Each consists of user-provided reviews and ratings for a variety of products.

Currently we import the ratings-only data from the Books segment of the 2014 data set, and the books reviews from the 2018 data set.

Important

If you use this data, cite the paper(s) documented on the data set web site.

For 2014 data, the citations are:

R. He and J. McAuley. 2016. Ups and downs: Modeling the visual evolution of fashion trends with one-class collaborative filtering. In Proc. WWW 2016. DOI:10.1145/2872427.2883037.

J. McAuley, C. Targett, J. Shi, and A. van den Hengel. Image-based recommendations on styles and substitutes. In Proc. SIGIR 2016. DOI:10.1145/2766462.2767755.

For 2018 data:

J. Ni, J. Li, and J. McAuley. Justifying recommendations using distantly-labeled reviews and fined-grained aspects. In Empirical Methods in Natural Language Processing (EMNLP), 2019.

Imported data lives in the az2014 and az2018 directories. The source files are not automatically downloaded — you will need to download the ratings-only data for the Books category from each data site and save them in the data/az2014 and data/az2018 directories.

Configuration

config.yaml allows you to specify whether the review data is used:

az2014:
  enabled: true

az2018:
  enabled: true
  source: reviews

Import Steps

The import is controlled by the following DVC steps:

scan-ratings
Scan the rating CSV file into a Parquet file, converting user strings into numeric IDs. Produces az2014/ratings.parquet.
cluster-ratings
Link ratings with book clusters and aggregate by cluster, to produce user ratings for book clsuters.
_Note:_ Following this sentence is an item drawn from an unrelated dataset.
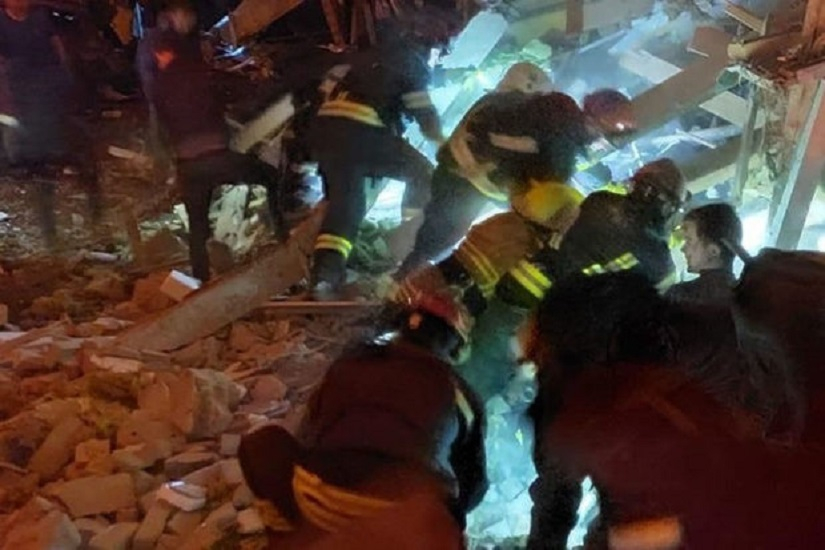 Ракетный удар по Житомиру: под завалами домов находятся люди - ВИДЕО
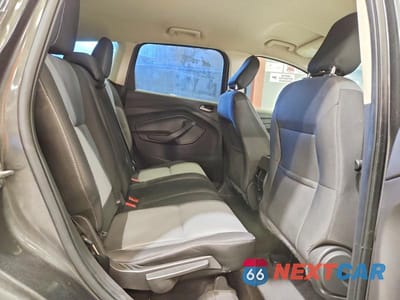 Zdjęcie 11 z 13 samochodu: 2019 FORD ESCAPE SE VIN:1FMCU9GDXKUB42782 - miniatura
Produces az2014/az-cluster-ratings.parquet.

Raw Data

az2014/ratings.parquet

The raw rating data, with user strings converted to numeric IDs, is in this file.

File details
Schema for az2014/ratings.parquet.
Field
Type
user
Int32
asin
Utf8
rating
Float32
timestamp
Int64
az2018/ratings.parquet

The raw rating data, with user strings converted to numeric IDs, is in this file.

File details
Schema for az2018/ratings.parquet.
Field
Type
user
Int32
asin
Utf8
rating
Float32
timestamp
Int64

Extracted Rating Tables

az2014/az-cluster-ratings.parquet

This file contains the integrated Amazon ratings, with cluster IDs in the item column.

File details
Schema for az2014/az-cluster-ratings.parquet.
Field
Type
user
Int32
item
Int32
rating
Float32
last_rating
Float32
first_time
Int64
last_time
Int64
nratings
UInt32
az2018/az-cluster-ratings.parquet

This file contains the integrated Amazon ratings, with cluster IDs in the item column.

File details
Schema for az2018/az-cluster-ratings.parquet.
Field
Type
user
Int32
item
Int32
rating
Float32
last_rating
Float32
first_time
Int64
last_time
Int64
nratings
UInt32